> [EXERCISE OBJECTIVE]:
The line that contains "buitenspel. ❌ #STASTV" marks the end: retype the data below exactly from its first line through that line.

********

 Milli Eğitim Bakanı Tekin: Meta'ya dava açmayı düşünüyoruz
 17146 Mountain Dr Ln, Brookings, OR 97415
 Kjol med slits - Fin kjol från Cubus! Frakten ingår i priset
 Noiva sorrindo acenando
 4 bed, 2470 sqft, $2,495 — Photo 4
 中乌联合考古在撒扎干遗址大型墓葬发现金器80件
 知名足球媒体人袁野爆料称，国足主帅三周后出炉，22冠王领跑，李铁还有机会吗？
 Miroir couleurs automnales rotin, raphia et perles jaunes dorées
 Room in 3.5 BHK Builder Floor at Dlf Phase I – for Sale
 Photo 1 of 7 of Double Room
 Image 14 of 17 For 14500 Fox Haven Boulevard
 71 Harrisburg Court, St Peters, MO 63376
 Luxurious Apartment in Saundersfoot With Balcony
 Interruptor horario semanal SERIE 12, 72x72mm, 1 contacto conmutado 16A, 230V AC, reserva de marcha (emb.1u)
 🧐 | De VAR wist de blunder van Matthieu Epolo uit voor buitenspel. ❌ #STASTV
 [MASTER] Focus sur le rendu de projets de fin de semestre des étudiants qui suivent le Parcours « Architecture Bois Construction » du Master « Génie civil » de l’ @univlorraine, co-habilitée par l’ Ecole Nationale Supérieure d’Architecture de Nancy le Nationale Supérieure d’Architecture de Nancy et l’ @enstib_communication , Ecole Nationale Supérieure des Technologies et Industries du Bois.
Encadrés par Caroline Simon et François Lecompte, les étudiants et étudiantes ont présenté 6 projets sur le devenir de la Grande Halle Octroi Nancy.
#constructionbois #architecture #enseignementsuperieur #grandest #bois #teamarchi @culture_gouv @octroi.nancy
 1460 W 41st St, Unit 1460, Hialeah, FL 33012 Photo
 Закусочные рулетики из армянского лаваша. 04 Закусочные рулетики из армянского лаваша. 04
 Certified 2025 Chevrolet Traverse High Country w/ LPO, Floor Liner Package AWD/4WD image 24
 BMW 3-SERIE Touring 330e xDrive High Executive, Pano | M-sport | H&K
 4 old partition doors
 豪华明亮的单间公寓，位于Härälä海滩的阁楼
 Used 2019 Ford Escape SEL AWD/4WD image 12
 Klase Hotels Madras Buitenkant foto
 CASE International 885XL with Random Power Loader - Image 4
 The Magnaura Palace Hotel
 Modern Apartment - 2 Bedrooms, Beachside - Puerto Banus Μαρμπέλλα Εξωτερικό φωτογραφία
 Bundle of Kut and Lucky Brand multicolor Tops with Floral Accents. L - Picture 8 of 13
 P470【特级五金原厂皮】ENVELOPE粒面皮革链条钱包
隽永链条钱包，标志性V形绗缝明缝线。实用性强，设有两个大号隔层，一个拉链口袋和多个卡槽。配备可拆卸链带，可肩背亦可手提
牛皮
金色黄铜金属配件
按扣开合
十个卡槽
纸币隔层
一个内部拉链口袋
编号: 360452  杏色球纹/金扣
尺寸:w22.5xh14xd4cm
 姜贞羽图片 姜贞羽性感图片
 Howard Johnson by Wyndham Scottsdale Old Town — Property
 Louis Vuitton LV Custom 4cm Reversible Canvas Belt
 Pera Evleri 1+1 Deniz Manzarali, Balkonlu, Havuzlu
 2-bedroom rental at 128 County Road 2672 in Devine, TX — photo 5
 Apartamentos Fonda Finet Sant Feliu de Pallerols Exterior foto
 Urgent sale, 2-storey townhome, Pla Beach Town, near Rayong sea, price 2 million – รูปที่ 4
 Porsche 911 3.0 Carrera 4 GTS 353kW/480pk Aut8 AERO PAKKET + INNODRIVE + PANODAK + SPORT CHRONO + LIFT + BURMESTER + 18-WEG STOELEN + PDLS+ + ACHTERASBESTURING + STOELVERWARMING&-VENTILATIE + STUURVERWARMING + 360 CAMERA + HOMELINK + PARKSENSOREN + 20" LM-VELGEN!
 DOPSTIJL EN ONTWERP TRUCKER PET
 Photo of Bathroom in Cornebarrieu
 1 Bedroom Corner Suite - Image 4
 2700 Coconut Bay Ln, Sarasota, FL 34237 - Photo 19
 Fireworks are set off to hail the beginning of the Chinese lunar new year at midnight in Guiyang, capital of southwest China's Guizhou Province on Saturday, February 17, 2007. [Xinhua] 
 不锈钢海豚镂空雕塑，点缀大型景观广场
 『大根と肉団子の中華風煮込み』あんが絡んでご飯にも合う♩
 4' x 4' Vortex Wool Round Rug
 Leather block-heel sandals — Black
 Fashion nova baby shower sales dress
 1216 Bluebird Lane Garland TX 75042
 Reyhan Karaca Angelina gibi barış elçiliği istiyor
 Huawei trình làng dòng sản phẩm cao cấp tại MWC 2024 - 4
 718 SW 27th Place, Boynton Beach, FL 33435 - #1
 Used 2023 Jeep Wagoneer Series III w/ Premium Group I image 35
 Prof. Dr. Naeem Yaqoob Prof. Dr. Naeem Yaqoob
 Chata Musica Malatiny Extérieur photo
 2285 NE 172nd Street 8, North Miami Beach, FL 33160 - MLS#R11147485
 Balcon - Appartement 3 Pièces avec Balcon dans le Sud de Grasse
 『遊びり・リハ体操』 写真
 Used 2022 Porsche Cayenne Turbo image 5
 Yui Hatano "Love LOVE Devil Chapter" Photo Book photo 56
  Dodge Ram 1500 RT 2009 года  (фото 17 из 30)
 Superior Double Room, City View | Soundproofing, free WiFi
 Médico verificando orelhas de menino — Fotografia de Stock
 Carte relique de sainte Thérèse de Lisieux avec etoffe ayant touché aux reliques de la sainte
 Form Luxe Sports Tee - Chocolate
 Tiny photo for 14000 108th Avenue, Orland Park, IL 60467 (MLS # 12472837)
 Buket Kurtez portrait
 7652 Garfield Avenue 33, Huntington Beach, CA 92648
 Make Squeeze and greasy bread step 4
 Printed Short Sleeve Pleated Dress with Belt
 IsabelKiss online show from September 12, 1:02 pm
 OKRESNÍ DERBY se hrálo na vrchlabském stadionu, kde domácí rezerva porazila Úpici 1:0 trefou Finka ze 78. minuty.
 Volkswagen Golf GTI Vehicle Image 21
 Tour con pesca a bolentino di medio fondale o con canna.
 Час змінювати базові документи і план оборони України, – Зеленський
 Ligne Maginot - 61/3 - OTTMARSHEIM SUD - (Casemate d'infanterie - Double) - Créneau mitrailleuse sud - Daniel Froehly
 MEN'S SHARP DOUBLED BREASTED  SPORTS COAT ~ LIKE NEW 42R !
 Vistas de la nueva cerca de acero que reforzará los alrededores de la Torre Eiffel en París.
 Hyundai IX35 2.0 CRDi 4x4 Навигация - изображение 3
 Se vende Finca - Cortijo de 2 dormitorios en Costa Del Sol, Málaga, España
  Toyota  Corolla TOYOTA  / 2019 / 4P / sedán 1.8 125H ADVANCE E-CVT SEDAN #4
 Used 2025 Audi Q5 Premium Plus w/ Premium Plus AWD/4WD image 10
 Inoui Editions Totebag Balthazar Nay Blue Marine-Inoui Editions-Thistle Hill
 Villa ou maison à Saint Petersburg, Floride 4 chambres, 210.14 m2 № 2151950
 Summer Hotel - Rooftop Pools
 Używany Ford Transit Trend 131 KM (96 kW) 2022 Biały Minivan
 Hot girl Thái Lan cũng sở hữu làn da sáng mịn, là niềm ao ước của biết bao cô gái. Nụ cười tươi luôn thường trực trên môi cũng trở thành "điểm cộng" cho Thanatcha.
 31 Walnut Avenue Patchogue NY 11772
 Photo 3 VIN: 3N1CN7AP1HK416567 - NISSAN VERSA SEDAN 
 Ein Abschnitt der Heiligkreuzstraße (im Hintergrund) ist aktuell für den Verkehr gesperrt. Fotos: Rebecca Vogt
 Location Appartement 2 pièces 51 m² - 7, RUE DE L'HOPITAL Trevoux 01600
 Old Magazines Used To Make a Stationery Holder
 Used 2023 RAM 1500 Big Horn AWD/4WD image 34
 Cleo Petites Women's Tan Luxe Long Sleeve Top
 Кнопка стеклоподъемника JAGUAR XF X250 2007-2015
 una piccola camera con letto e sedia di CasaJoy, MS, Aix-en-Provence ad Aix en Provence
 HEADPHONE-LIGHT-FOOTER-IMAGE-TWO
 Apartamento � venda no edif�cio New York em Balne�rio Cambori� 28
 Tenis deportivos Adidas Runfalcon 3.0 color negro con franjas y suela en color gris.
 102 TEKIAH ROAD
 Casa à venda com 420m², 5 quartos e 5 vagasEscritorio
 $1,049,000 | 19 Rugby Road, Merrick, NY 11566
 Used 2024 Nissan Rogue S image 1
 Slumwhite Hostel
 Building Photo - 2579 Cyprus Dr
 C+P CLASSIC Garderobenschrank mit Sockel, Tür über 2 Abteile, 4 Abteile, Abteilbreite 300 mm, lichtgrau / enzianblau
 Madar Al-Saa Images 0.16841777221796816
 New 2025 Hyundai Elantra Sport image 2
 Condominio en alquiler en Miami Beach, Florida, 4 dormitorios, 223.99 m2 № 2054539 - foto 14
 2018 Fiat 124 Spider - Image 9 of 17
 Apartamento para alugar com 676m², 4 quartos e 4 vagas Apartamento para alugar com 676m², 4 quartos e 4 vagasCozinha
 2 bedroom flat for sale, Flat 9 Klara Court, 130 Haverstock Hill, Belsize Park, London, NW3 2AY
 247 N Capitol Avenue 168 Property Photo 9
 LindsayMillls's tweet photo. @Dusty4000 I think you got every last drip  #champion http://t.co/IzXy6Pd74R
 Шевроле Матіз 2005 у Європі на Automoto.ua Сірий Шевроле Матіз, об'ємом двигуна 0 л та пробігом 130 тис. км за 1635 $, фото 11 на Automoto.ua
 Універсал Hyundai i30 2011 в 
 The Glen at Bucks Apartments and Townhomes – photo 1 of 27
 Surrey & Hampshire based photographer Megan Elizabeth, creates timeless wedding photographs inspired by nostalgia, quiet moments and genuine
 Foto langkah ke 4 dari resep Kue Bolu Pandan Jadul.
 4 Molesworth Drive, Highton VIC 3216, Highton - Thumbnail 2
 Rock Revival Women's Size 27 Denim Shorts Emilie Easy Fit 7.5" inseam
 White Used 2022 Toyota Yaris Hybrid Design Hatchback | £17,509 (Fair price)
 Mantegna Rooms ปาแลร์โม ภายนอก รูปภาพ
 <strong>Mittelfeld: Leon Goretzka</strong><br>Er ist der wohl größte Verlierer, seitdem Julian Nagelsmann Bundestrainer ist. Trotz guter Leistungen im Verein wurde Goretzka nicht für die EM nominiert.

********

> [THE ANSWER]:
 Milli Eğitim Bakanı Tekin: Meta'ya dava açmayı düşünüyoruz
 17146 Mountain Dr Ln, Brookings, OR 97415
 Kjol med slits - Fin kjol från Cubus! Frakten ingår i priset
 Noiva sorrindo acenando
 4 bed, 2470 sqft, $2,495 — Photo 4
 中乌联合考古在撒扎干遗址大型墓葬发现金器80件
 知名足球媒体人袁野爆料称，国足主帅三周后出炉，22冠王领跑，李铁还有机会吗？
 Miroir couleurs automnales rotin, raphia et perles jaunes dorées
 Room in 3.5 BHK Builder Floor at Dlf Phase I – for Sale
 Photo 1 of 7 of Double Room
 Image 14 of 17 For 14500 Fox Haven Boulevard
 71 Harrisburg Court, St Peters, MO 63376
 Luxurious Apartment in Saundersfoot With Balcony
 Interruptor horario semanal SERIE 12, 72x72mm, 1 contacto conmutado 16A, 230V AC, reserva de marcha (emb.1u)
 🧐 | De VAR wist de blunder van Matthieu Epolo uit voor buitenspel. ❌ #STASTV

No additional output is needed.